#### Provided material ####

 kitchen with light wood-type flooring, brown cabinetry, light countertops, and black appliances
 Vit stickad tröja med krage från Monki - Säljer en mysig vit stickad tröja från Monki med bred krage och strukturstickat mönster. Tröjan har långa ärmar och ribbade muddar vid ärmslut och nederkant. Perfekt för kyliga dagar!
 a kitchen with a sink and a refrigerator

####
#### Provided material ####

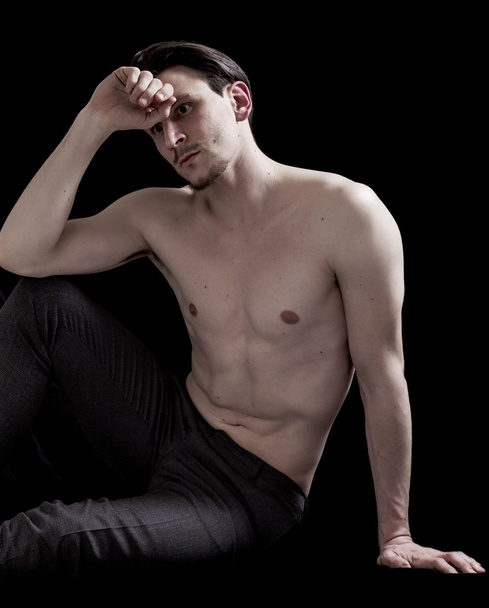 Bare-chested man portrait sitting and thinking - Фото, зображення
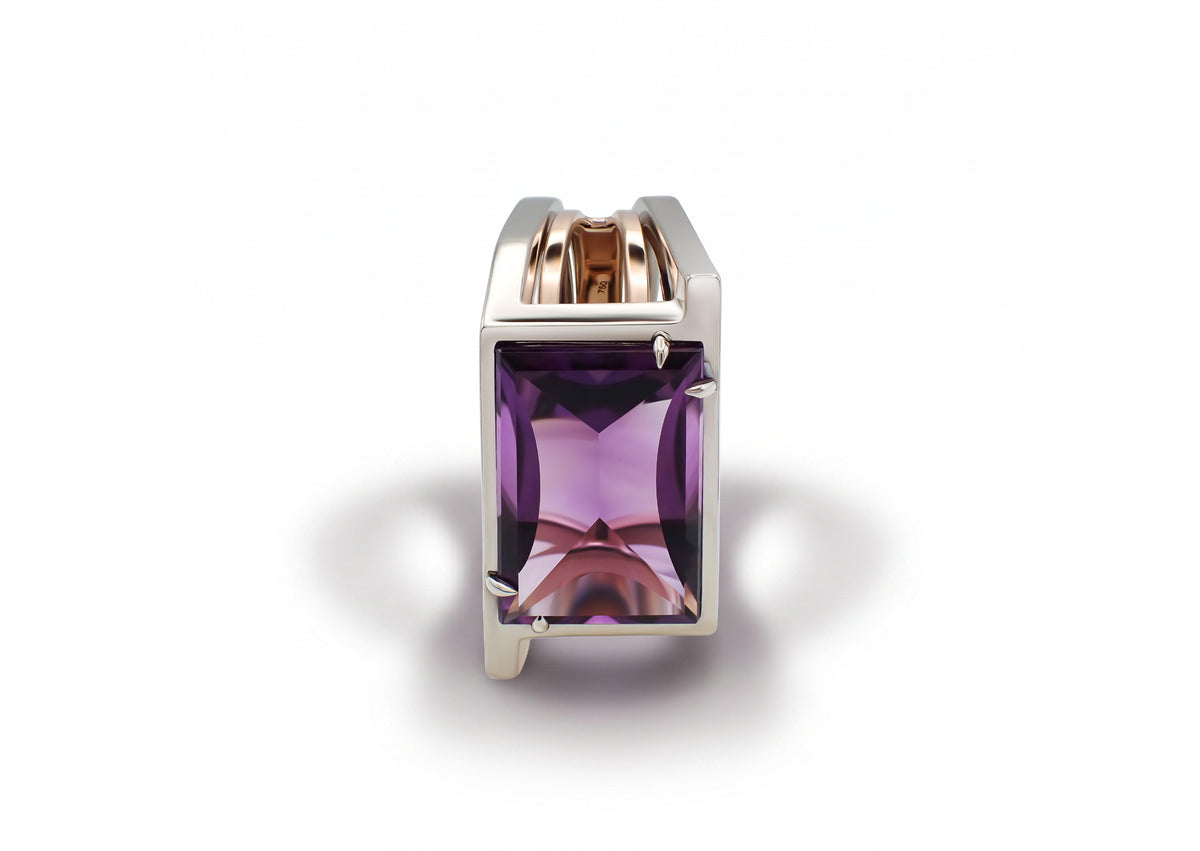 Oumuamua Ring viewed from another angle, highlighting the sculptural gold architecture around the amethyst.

####

◆ Problem to work on: A verbatim transcription is needed of the lines above, starting at the line with "kitchen with light" and ending at the line with "a kitchen with a sink and a refrigerator", both included, and of nothing else.

◆ Answer for the task:
 kitchen with light wood-type flooring, brown cabinetry, light countertops, and black appliances
 Vit stickad tröja med krage från Monki - Säljer en mysig vit stickad tröja från Monki med bred krage och strukturstickat mönster. Tröjan har långa ärmar och ribbade muddar vid ärmslut och nederkant. Perfekt för kyliga dagar!
 a kitchen with a sink and a refrigerator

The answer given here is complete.